Interview with Uwe Schindler
Grant Ingersoll speaks with Apache Lucene committer Uwe Schindler. Uwe talks about his work innovating the TRIE-range numeric query, its application to geographic and scientific search applications, frequent re-indexing.
- Grant Ingersoll:
- Today I'm speaking with Uwe Schindler, who is an Apache Lucene committer. Welcome Uwe.
- Uwe Schindler:
- Hello Grant.
- Grant Ingersoll:
- Why don't we start off by having you introduce yourself, and tell us a little bit about your background before you got involved with Lucene.
- Uwe Schindler:
- Yeah, so I come from Germany. Currently I am 31 years old, and before coming to Lucene, I started very early with Java programming, even with JDK 1.0.2. I wrote my first applet in JDK 1.0.2 for the Netscape browser, at this time. And then, a little bit later, came to PANGAEA, which is a geoscientific information system, and there we started to use full text search engines and the database plug-in for our SYBASE database was not working really good, so we switched to Lucene, and because of that, I came to Lucene and started to improve Lucene, for example, for this geospatial search.
- Grant Ingersoll:
- So speaking of spatial search, can you tell us a little bit more about what are the kind of the problems you work on?
- Uwe Schindler:
- Yeah, the different problems with a spatial search… Most users, for example, use Solr or Lucene, just to search for text phrases inside the index. The problem with geospatial searches is that you want to find, for example, all datasets – we call it datasets – inside a specific area, and so you have a latitude and longitude arranged query, and want to execute it.
And when I started with Lucene we had some problems with the range query that was very, very slow and often hits too many clauses exceptions if you have a lot of distinct values in your index, and a large number of documents. And so I started to find an easy solution to do those numerical searches.

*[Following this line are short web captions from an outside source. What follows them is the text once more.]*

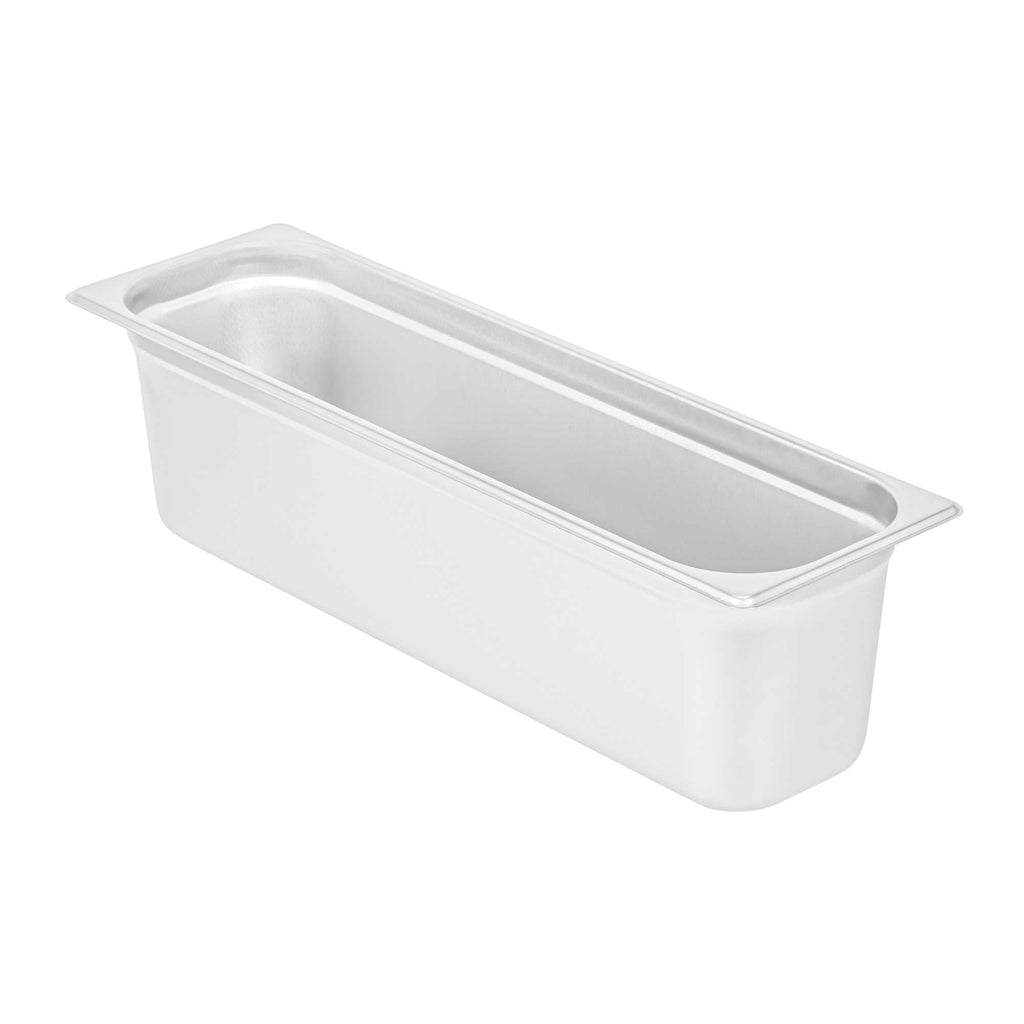 Kitchen Tek Stainless Steel 1/2 Size Long Steam Table Pan - 6 Inch Deep, Anti Jam, 24 Gauge - 1 count box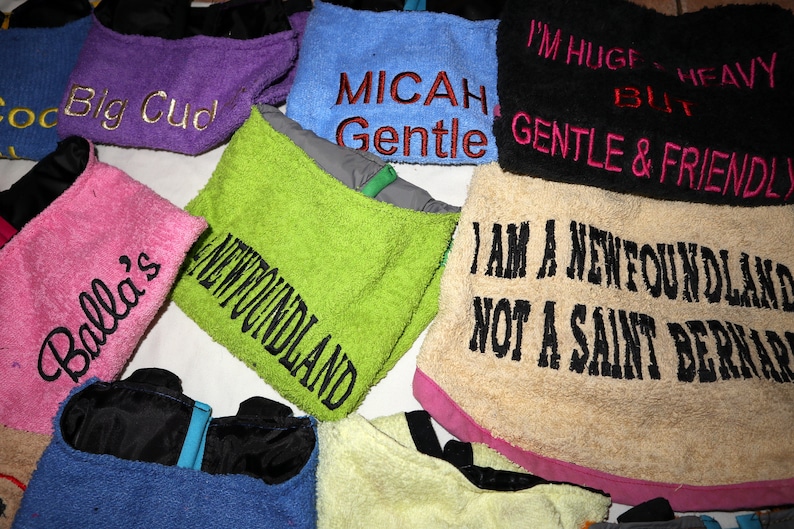 wording color and dog/'s name Choose your color Personalized dog drool bibs FREE Postage and drool proof 100/% personalized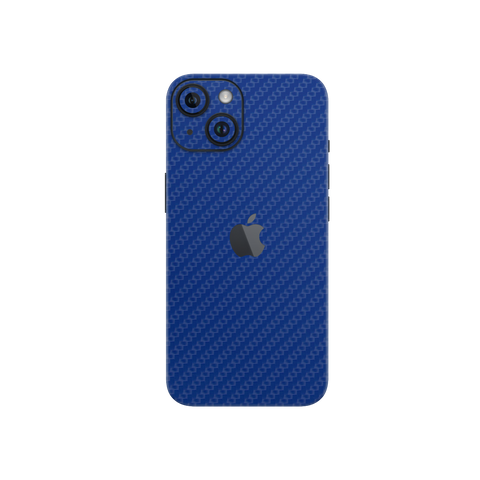 Carbon Fiber Blue Skin for Iphone 15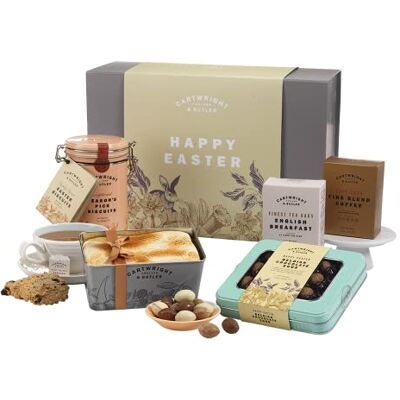 Cartwright & Butler Scatola regalo per dolci pasquali Cesto per alimenti Confezione regalo Tè pomeridiano Cartwright & Butler Scatola regalo per dolci pasquali Cesto per alimenti Confezione regalo Tè pomeridiano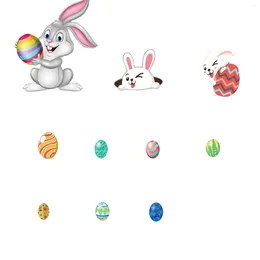 Wall Stickers Easter For Refrigerator Egg Magnetic Sticker Holiday Cartoon Decoration Pegatinas De Pared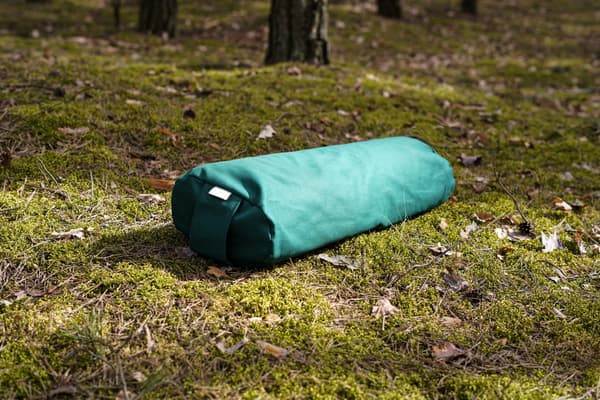 Bovete yogabolster, grön bomull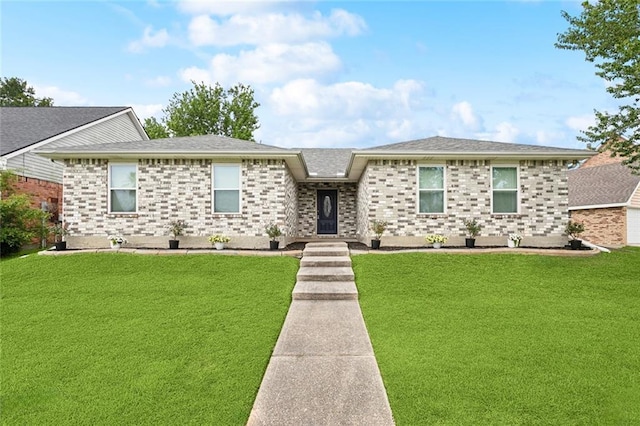 204 Chubasco Ln, Slidell, LA 70458 - single story home with a front yard and brick siding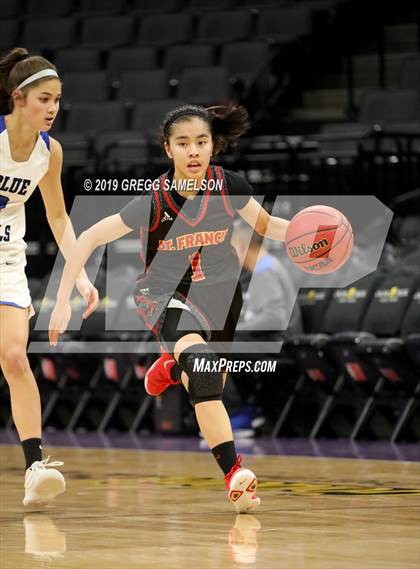 Thumbnail 2 in Davis vs St. Francis (@ Golden 1 Center) photogallery.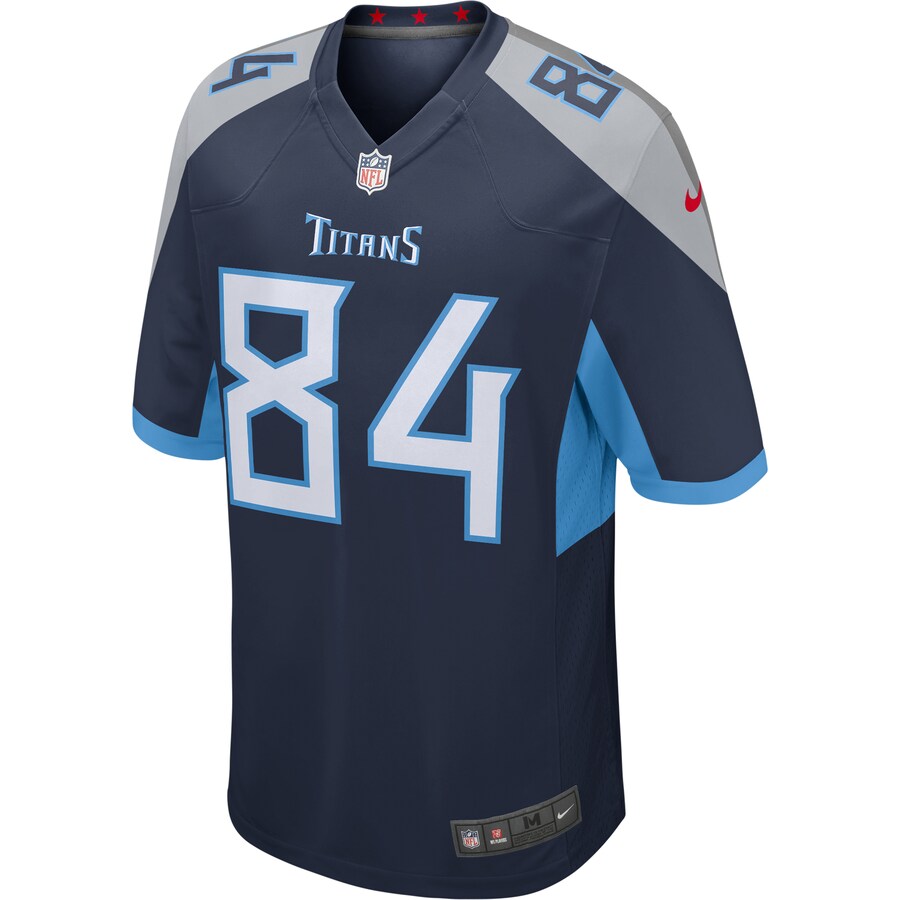 Tennessee Titans Corey Davis Game Navy Football Jersey product image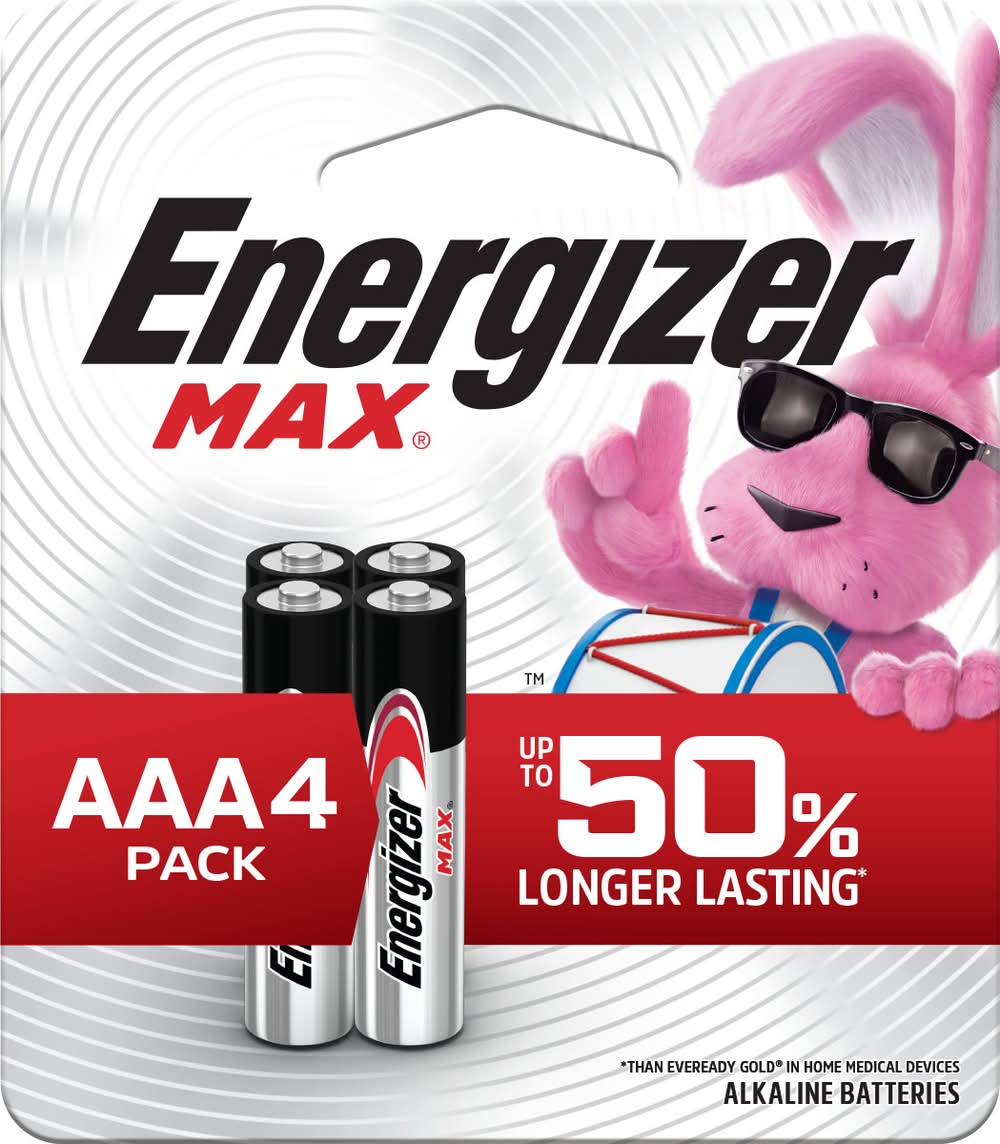 Energizer MAX Alkaline AAA Batteries ( 4 -Pack)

So most users will enter some keywords, and then, for example, by selecting an area in the map, specific bounding box, and start a search. But it would be the same, for example, for a date search where you can also express it as a numerical search. And this is where I started to extend Lucene in the past.
- Grant Ingersoll:
- Can you kind of describe what your documents look like to give people a little bit better picture of, you know, why you would have so many terms in your index for a given field, and how, you know, so you've got lat/long and things like that, but then what else does a document look like?
- Uwe Schindler:
- I work for PANGAEA, which his a network for geoscientific data. What we are doing is, we do the same as libraries do for scientific books or papers or something like that. We publish the data. So it's just like a journal where you have these articles, these scientific articles. We publish the data.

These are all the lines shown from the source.